Verses 27-28 Esau hunted the beasts of the field with dexterity and success, till he became a conqueror, ruling over his neighbours. Jacob was a plain man, one that liked the true delights of retirement, better than all pretended pleasures. He was a stranger and a pilgrim in his spirit, and a shepherd all his days. Isaac and Rebekah had but these two children, one was the father's darling, and the other the mother's. And though godly parents must feel their affections most drawn over towards a godly child, yet they will not show partiality. Let their affections lead them to do what is just and equal to every child, or evils will arise.

Verses 29-34 We have here the bargain made between Jacob and Esau about the right, which was Esau's by birth, but Jacob's by promise. It was for a spiritual privilege; and we see Jacob's desire of the birth-right, but he sought to obtain it by crooked courses, not like his character as a plain man. He was right, that he coveted earnestly the best gifts; he was wrong, that he took advantage of his brother's need. The inheritance of their father's worldly goods did not descend to Jacob, and was not meant in this proposal.

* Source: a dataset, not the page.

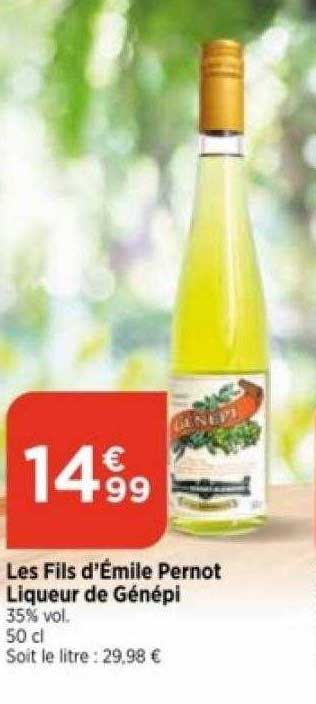 les fils d'émile pernot liqueur de génépi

But it includeth the future possession of the land of Canaan by his children's children, and the covenant made with Abraham as to Christ the promised Seed. Believing Jacob valued these above all things; unbelieving Esau despised them. Yet although we must be of Jacob's judgment in seeking the birth-right, we ought carefully to avoid all guile, in seeking to obtain even the greatest advantages. Jacob's pottage pleased Esau's eye. "Give me some of that red;" for this he was called Edom, or Red. Gratifying the sensual appetite ruins thousands of precious souls. When men's hearts walk after their own eyes, ( Job 31:7 ) , and when they serve their own bellies, they are sure to be punished. If we use ourselves to deny ourselves, we break the force of most temptations. It cannot be supposed that Esau was dying of hunger in Isaac's house. The words signify, I am going towards death; he seems to mean, I shall never live to inherit Canaan, or any of those future supposed blessings; and what signifies it who has them when I am dead and gone. This would be the language of profaneness, with which the apostle brands him, ( Hebrews 12:16 ) ; and this contempt of the birth-right is blamed, ver. ( 34 ) . It is the greatest folly to part with our interest in God, and Christ, and heaven, for the riches, honours, and pleasures of this world; it is as bad a bargain as his who sold a birth-right for a dish of pottage. Esau ate and drank, pleased his palate, satisfied his appetite, and then carelessly rose up and went his way, without any serious thought, or any regret, about the bad bargain he had made. Thus Esau despised his birth-right. By his neglect and contempt afterwards, and by justifying himself in what he had done, he put the bargain past recall. People are ruined, not so much by doing what is amiss, as by doing it and not repenting of it.

Chapter Summary


This chapter contains an account of Abraham's marriage with another woman, and of the children he had by her and of their posterity Ge 25:1-4; of Abraham's disposal of his substance; and his sons, Ge 25:5,6; of the years of his life, his death and burial, Ge 25:7-11; of the children of Ishmael, and of the years of his life, and of his death, Ge 25:12-18; and of the sons of Isaac the fruit of prayer, and of the oracle concerning them before they were born, and of their temper and disposition, conduct and behaviour, Ge 25:19-34.